# WHAT IS EXPECTED
Copy out the entries below exactly as they stand, but only from the line containing "I want to talk" through the line containing "Heated side mirrors, traction".

# MATERIALS PROVIDED
▬▬▬▬▬▬▬▬▬▬

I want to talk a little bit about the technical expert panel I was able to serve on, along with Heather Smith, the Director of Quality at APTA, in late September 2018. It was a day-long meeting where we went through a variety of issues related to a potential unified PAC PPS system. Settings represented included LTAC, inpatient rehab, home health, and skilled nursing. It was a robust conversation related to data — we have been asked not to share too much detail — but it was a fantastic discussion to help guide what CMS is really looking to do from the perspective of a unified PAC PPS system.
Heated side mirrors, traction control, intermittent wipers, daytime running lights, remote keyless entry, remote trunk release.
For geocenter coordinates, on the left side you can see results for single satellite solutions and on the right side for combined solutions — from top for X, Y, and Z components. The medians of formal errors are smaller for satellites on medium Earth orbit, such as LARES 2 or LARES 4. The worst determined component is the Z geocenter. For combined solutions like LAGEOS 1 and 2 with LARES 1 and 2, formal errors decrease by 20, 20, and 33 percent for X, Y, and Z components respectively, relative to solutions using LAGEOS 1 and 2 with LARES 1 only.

▬▬▬▬▬▬▬▬▬▬

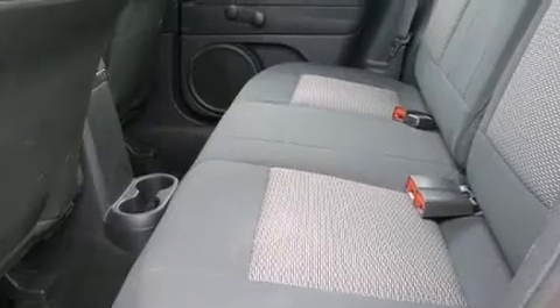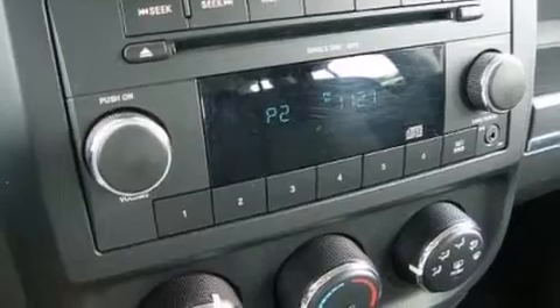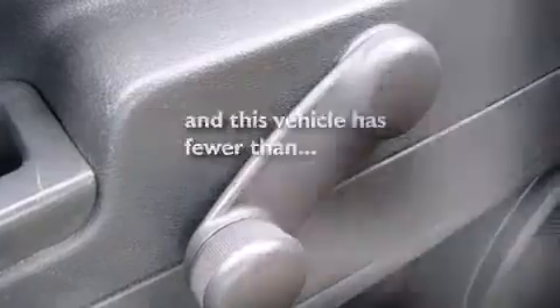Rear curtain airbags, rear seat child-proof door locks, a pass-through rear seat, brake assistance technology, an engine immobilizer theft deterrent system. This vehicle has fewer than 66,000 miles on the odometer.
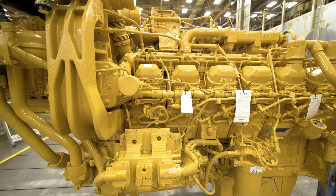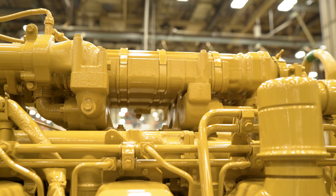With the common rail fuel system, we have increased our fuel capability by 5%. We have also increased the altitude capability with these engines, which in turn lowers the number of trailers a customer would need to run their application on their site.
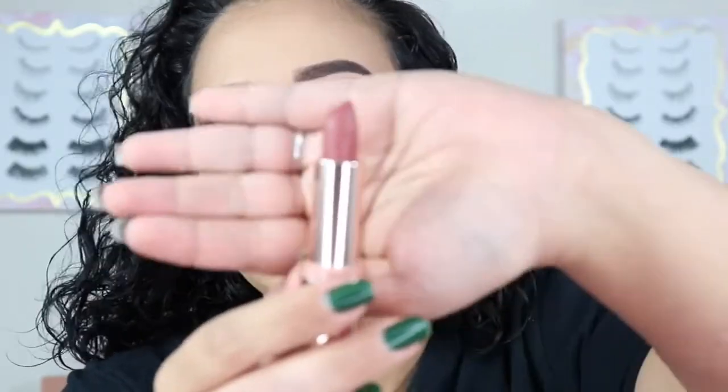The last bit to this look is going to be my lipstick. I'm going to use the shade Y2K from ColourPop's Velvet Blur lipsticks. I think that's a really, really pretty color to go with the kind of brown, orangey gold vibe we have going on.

▬▬▬▬▬▬▬▬▬▬

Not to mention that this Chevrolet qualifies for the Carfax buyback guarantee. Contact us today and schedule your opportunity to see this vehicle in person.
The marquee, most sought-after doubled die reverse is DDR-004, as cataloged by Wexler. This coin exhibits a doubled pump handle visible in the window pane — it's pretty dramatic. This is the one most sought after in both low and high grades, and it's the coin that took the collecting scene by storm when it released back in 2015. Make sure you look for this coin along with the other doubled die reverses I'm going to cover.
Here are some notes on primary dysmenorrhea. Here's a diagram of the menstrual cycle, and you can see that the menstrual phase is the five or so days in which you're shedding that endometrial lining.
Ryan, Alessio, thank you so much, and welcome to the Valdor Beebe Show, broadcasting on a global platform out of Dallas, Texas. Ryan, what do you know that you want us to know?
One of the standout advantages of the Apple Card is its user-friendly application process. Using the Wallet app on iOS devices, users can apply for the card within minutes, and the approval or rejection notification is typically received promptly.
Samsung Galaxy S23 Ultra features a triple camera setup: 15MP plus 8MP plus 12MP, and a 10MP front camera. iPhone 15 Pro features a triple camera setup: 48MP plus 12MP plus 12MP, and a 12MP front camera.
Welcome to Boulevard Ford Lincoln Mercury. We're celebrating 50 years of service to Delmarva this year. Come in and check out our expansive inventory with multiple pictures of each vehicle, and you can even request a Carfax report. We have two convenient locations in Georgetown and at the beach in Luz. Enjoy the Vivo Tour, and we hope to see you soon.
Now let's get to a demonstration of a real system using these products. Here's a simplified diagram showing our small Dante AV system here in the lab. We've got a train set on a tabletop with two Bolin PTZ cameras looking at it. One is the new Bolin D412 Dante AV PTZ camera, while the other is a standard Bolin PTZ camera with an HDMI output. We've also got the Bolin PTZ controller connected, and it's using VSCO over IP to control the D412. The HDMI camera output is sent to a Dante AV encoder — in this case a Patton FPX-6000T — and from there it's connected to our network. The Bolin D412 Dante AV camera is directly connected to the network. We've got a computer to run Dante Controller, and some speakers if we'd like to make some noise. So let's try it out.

▬▬▬▬▬▬▬▬▬▬

# RESPONSE TO THIS TASK
I want to talk a little bit about the technical expert panel I was able to serve on, along with Heather Smith, the Director of Quality at APTA, in late September 2018. It was a day-long meeting where we went through a variety of issues related to a potential unified PAC PPS system. Settings represented included LTAC, inpatient rehab, home health, and skilled nursing. It was a robust conversation related to data — we have been asked not to share too much detail — but it was a fantastic discussion to help guide what CMS is really looking to do from the perspective of a unified PAC PPS system.
Heated side mirrors, traction control, intermittent wipers, daytime running lights, remote keyless entry, remote trunk release.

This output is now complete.